Another way to phrase it: How much error did we get rid of? • Treat it as a weight loss problem. • If Jack is 30 pounds overweight and he loses 40% of it, how much is he still overweight. • He lost .400 x 30 pounds = 12 pounds. • He has 30 – 12 = 18 pounds left to lose.
SSY= error to startr2=percent of error lost • SSY is the total amount of error we start with when prediction scores on Y. It is the amount of error when everyone is predicted to score at the mean. • The proportion of error you get rid of using the regression equation as your predictor equals Pearson’s correlation coefficient squared (r2)

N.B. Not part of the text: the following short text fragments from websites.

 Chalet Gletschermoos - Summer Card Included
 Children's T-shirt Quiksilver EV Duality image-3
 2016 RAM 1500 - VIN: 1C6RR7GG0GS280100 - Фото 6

To get the total error left find how much you got rid of, then subtract from what you started with • Amount you got rid of: SSY * r2 • Amount left: SSRES = SSY – (SSY * r2 ) • Average amount of squared error left: • MSRES =SSRES/dfREG = SSRES/(nP-2) • sEST = square root of MSRES
Computing sEST the easier way! We already knew that SSY = 3.80 and r = -0.790. SSRES = SSY - (SSY * r2) = 3.80 - (3.80 * (-0.79)2) = 1.43 MSRES = 1.43/(7-2) = 0..286 SEST = 0.535
How much better? SY = 0.80 SEST = 0.535 33% less error when use the regression equation instead of the mean to predict. The difference between 33% and 32% when we calculated using the long way is due to rounding error.

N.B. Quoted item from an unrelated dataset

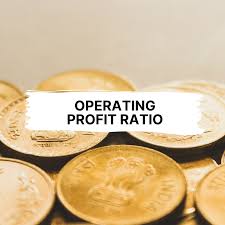 what is operating profit ratio guide
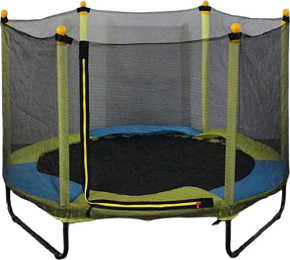 U-TURN БСП-0282 Батут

Stating the obvious: • The estimated standard deviation (s) was the estimated average unsquared distance of scores in the population from mu. • The estimated standard error of the estimate (sEST) is the estimated average unsquared distance of scores in the population from the regression equation based predicted Y scores. • Both reflect the error of prediction. Using the regression equation individualizes prediction and, if r is significant, leads to less error.
Do one yourself. • Assume the original sum of squares for error is 420.00, nP=22 and the sum of the squared differences between the tX and tY scores is 12.60. • What is r? • Is r statistically significant? Write the results as you would in a report. • What is the estimated average unsquared distance of Y scores from the regression line? • What percent improvement is obtained when s is compared to sEST?

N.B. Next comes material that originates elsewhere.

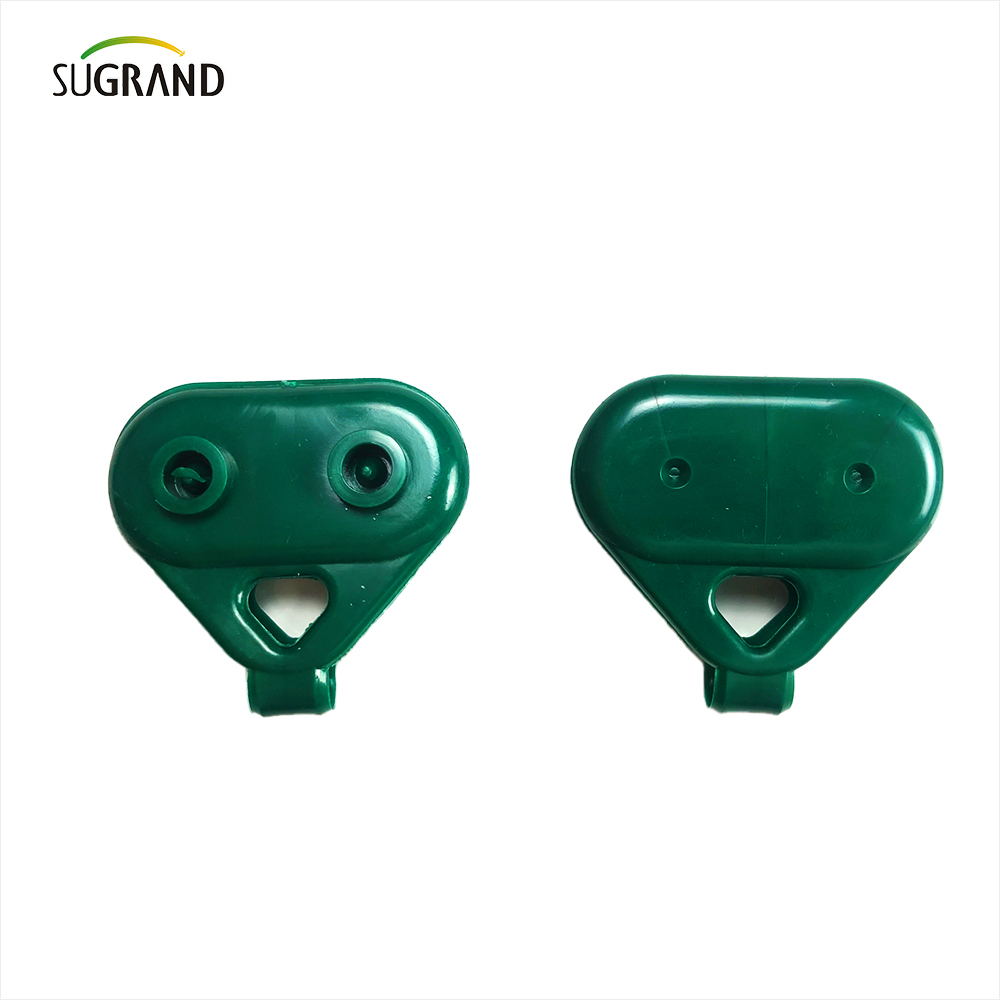 فيلم Greenhouse Clip Clip Fest Net Shade Sails شاشة الخصوصية شاشة TARP شنق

(tX - tY)2 = 12.60 Answers: What is r? Is it significant? • Compute r • (tX - tY)2 / (nP - 1) = 12.60/21=.600 r=1.000-1/2(.600) = .700 Is r significant? r(20)= .700, p<.01
What is the estimated average unsquared distance of scores in the population from the regression line? • That is the same as asking “What is the estimated standard error of the estimate?” SSRES = SSY - (SSY * r2) = 420.00 – [420.00 * (0.70)2] = 214.20 MSRES = 214.20/(20) = 10.71 SEST = 3.27
What percent improvement is obtained when s is compared to sEST? • MSW=SSW/df = 420.00/21 = 20.00
Last and (perhaps) least: • Proportion improvement = (s-sEST)/s • (4.47 – 3.27)/4.47=.268 • Percent improvement = proportion improvement *100 • In this case there was about a 26.8% improvement in unsquared error when you use the regression equation rather than the mean as your basis for predicting Y scores.